Peppers are one of the most enjoyable vegetables to grow because of their bright colors and iconic shape. Nothing quite says vegetable garden the same way as a fresh harvest of bell peppers does. Presenting their own challenges, peppers do best when the weather is warm and the sun spends long hours in the sky. Avoid planting peppers in shaded beds; they prefer the open sun to work on their tans.
Peppers prefer spots that drain quickly; it is better to plant them at a higher elevation rather than at the bottom of an incline. A trellis is a smart addition to a garden bed for peppers since they like to grow tall and upwards. Attaching the plant through the trellis will allow the peppers to hang without causing too much stress on the plant. When a pepper grows too heavy, the branch it is on can occasionally break and damage the plant. It is best to plant peppers in rows. But, unlike carrots, a row of peppers should be twenty inches apart and each plant should be ten inches apart within the row itself. The soil should have a pH level between 6.2 and 7.0, which can be checked using a pH test kit or electronic pH reader. We’ll discuss these in more depth in chapter four when we learn about fertilizer.

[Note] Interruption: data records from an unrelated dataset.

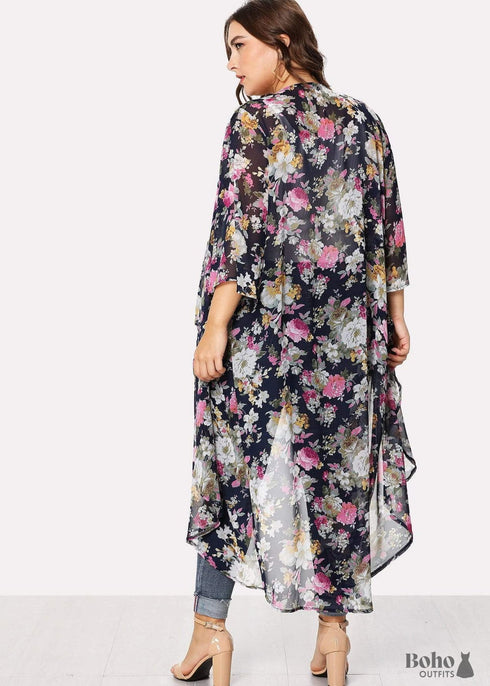 Women's Chic Plus Size Ebony Boho Kimono Dress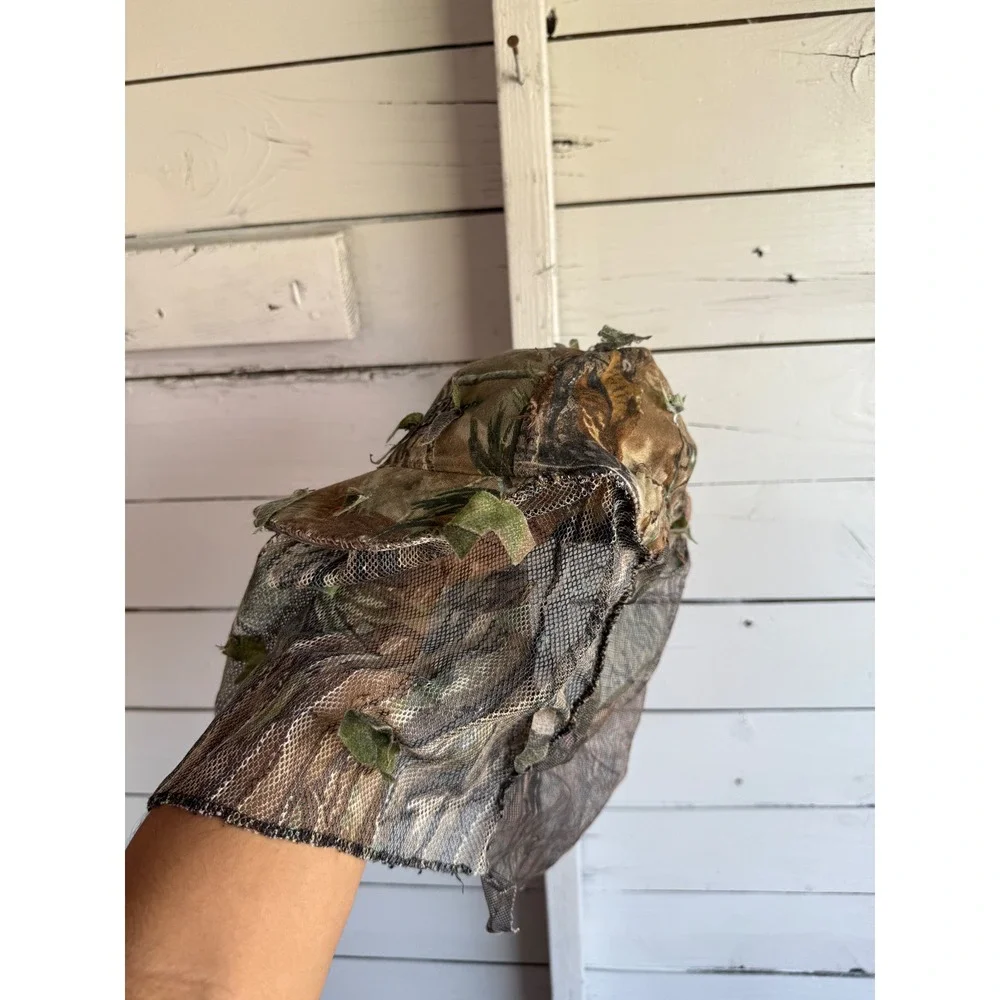 Gander Mountain Ghillie Camo Hat with Mesh Face Veil 3D Leafy Hunting Cap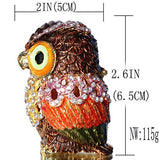 Waltz&F Hollow owl Trinket Box Hinged Hand-Painted Figurine Collectible Ring Holder with Gift Box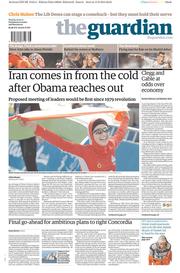 The Guardian Newspaper Front Page (UK) for 16 September 2013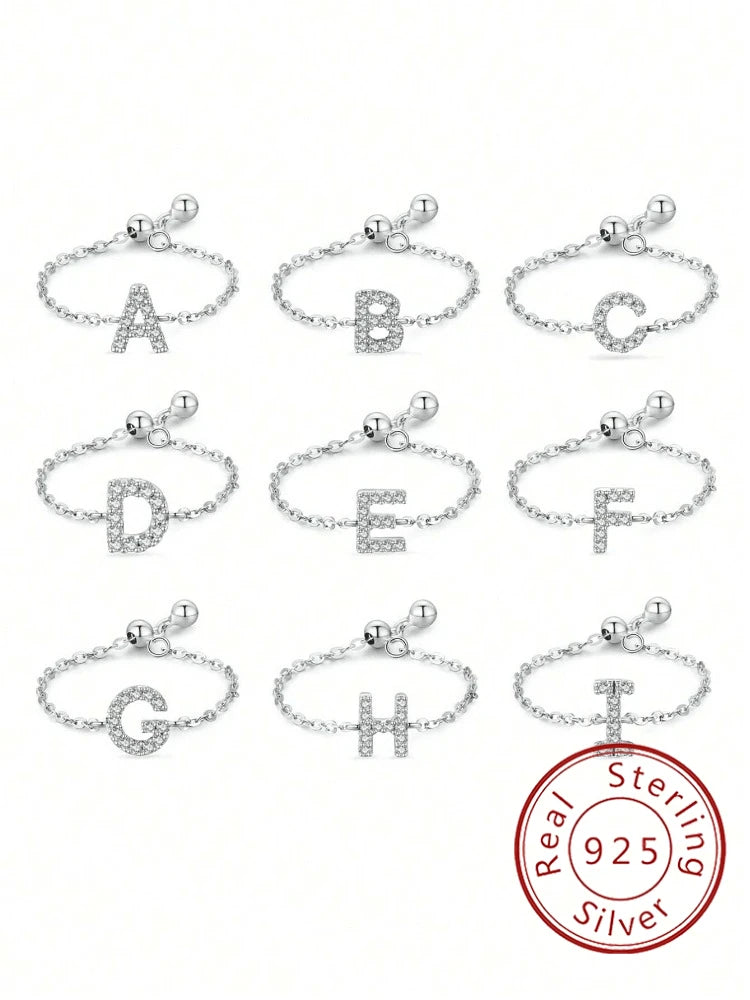 925 Sterling Silver Fashion Letter Chain Adjustable Full Zircon Ring For Women Party Personalized High Quality Fine Jewelry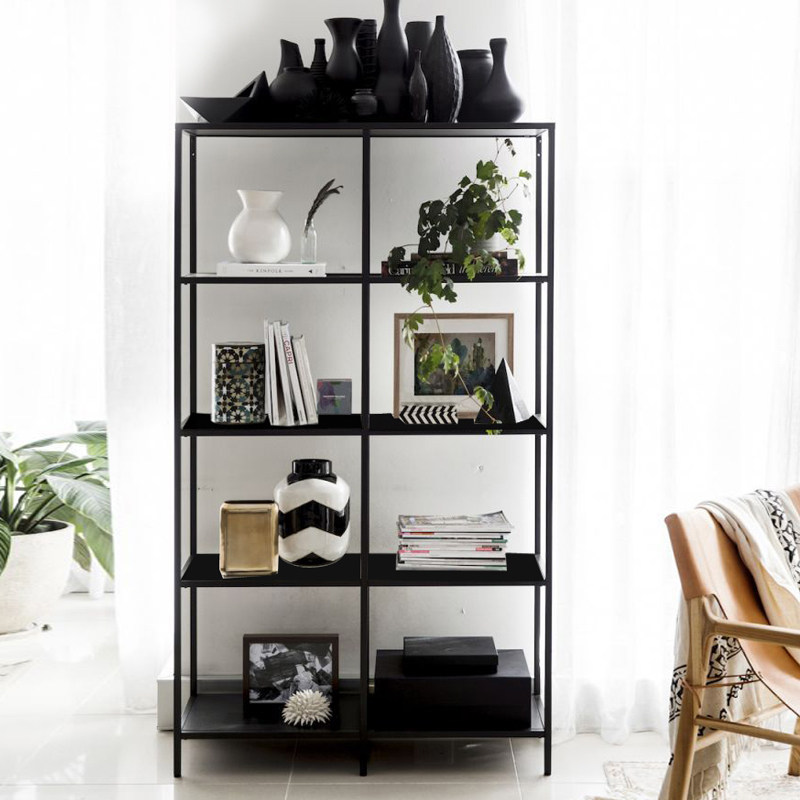 Nordic Iron Art Racks Living Room Bookroom Floor Industrial Wind Bookshelves Simple Multilayer Shelve Shelf Creativity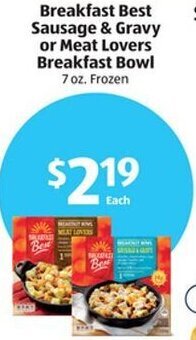 Aldi Breakfast Best Sausage & Gravy or Meat Lovers Breakfast Bowl offer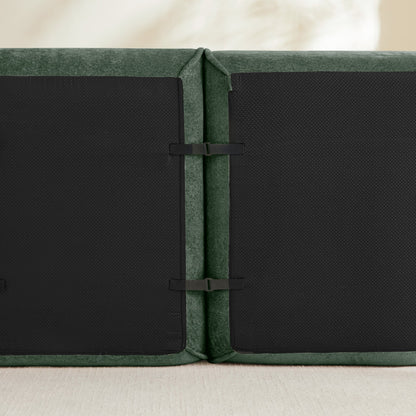 Modern Green Velvet and Slim Armless Sofa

Peppers are a pretty quick crop and you can expect to start seeing them flower and fruit within a month and a half. Be mindful of the weather as they grow. Peppers can be seriously damaged when faced with a sudden cold spell. If a late spring chill is forecast, then you can cover up your plants to prevent frost damage. Keep peppers watered and supplied with enough sun and they will eventually change colors. When this happens, you are ready to start harvesting your peppers. You can then stuff them, split them, fry them or even sell them!